- _EXERCISE INSTRUCTIONS_:
What you return should match the data below exactly, with no pictures in it.

==*==

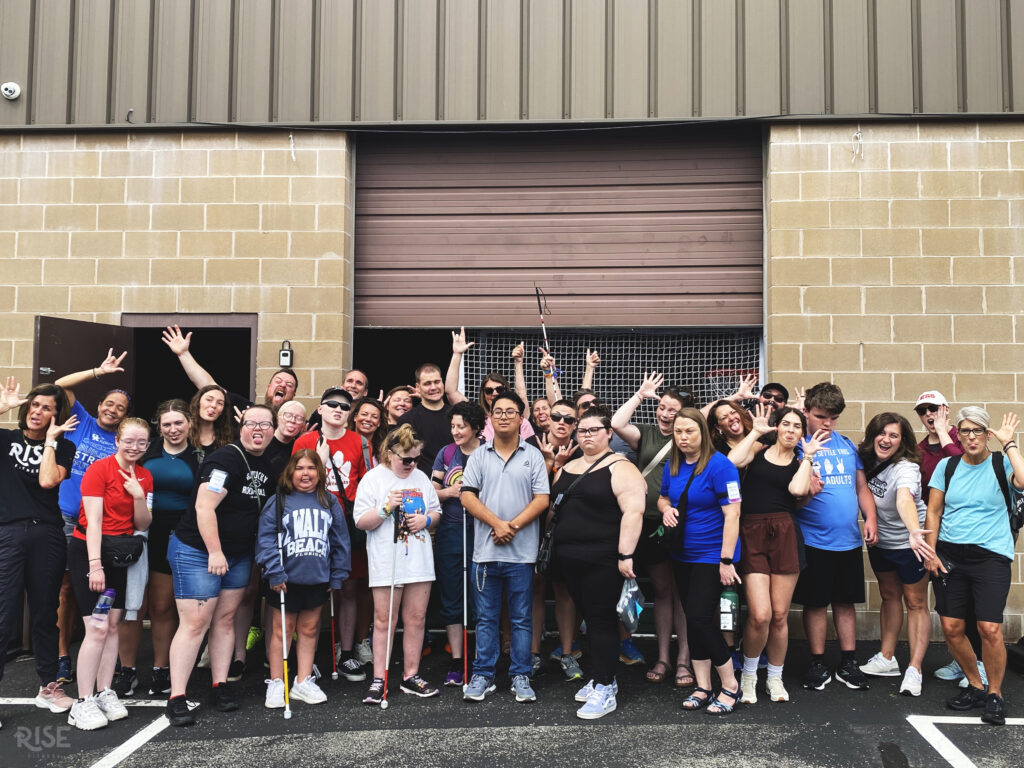 A group of athletes and volunteers posing outside of a gym.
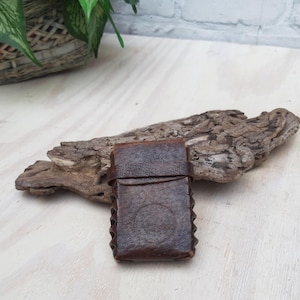Könnte beinhalten: Ein kleines, braunes Lederetui mit Klappverschluss. Das Etui hat ein dekoratives, strukturiertes Design und scheint vintage zu sein.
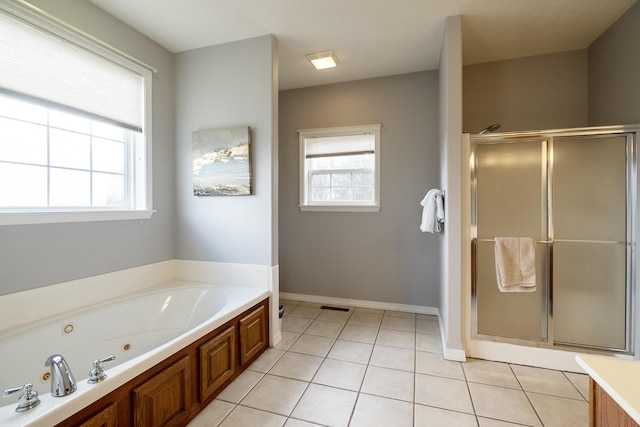 bathroom with independent shower and bath, tile patterned flooring, and a wealth of natural light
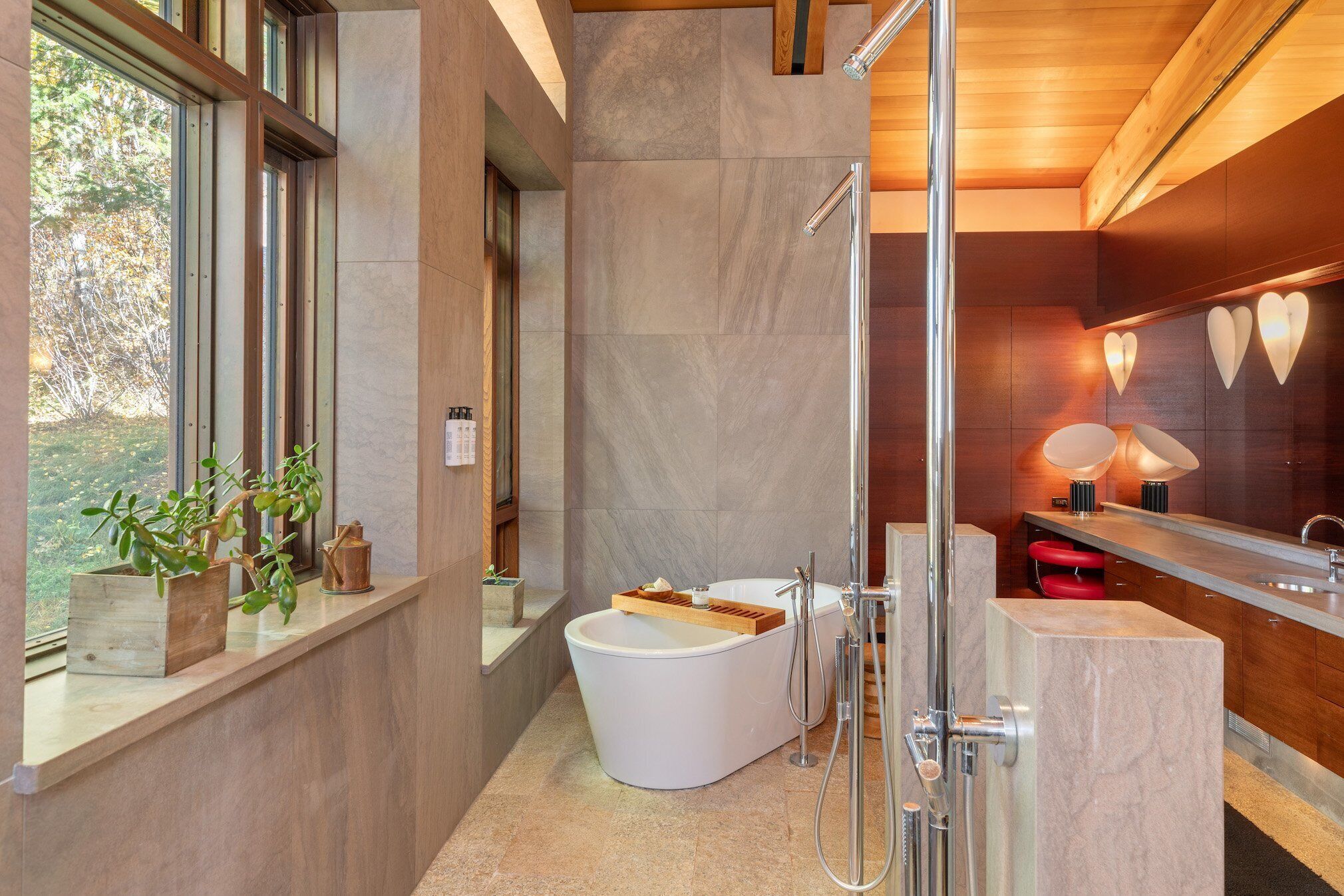 A modern bathroom with a freestanding bathtub, a glass shower enclosure, and a vanity with a mirror.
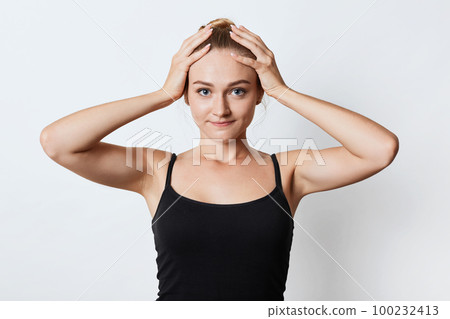 Gorgeous female athlet prepares for morning running, ties hair in bun, keeps hands on head, looks delightfully into camera. Beautiful woman has some troubles, shows it with gestures, poses in studio Gorgeous female athlet prepares for morning running, ties hair in bun, keeps hands on head, looks delightfully into camera. Beautiful woman has some troubles, shows it with gestures, poses in studio 100232413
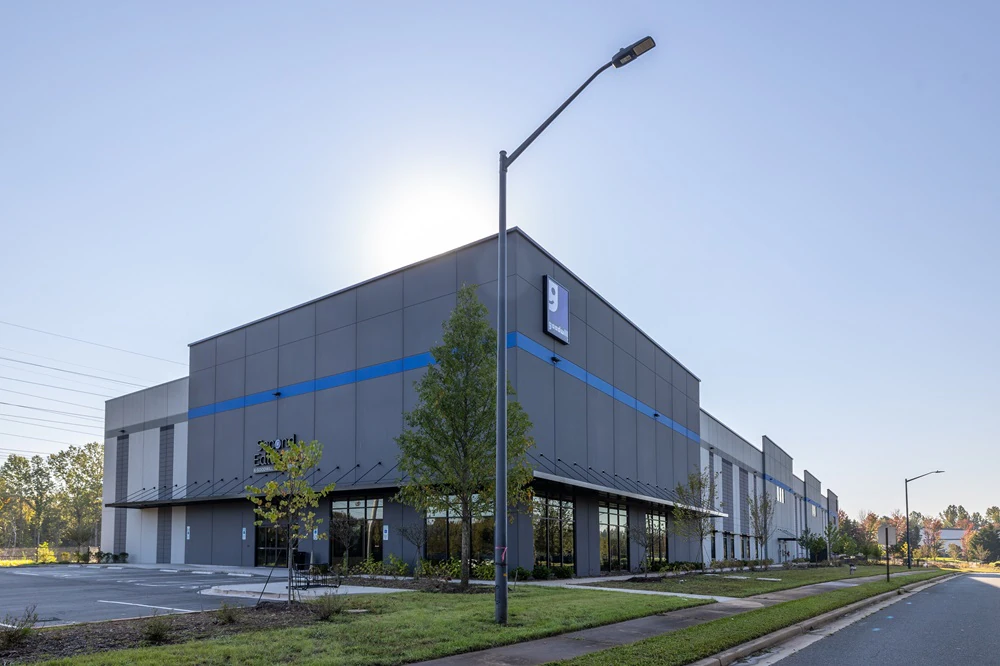 Second Editions - Rock Hill (Goodwill Outlet), a Goodwill outlet store featuring shoppers searching through bulk textile con.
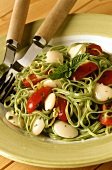 Green tagliatelle with white beans and tomatoes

==*==

- _ANSWER TO THIS PROBLEM_:
 A group of athletes and volunteers posing outside of a gym.
Könnte beinhalten: Ein kleines, braunes Lederetui mit Klappverschluss. Das Etui hat ein dekoratives, strukturiertes Design und scheint vintage zu sein.
 bathroom with independent shower and bath, tile patterned flooring, and a wealth of natural light
 A modern bathroom with a freestanding bathtub, a glass shower enclosure, and a vanity with a mirror.
 Gorgeous female athlet prepares for morning running, ties hair in bun, keeps hands on head, looks delightfully into camera. Beautiful woman has some troubles, shows it with gestures, poses in studio Gorgeous female athlet prepares for morning running, ties hair in bun, keeps hands on head, looks delightfully into camera. Beautiful woman has some troubles, shows it with gestures, poses in studio 100232413
 Second Editions - Rock Hill (Goodwill Outlet), a Goodwill outlet store featuring shoppers searching through bulk textile con.
 Green tagliatelle with white beans and tomatoes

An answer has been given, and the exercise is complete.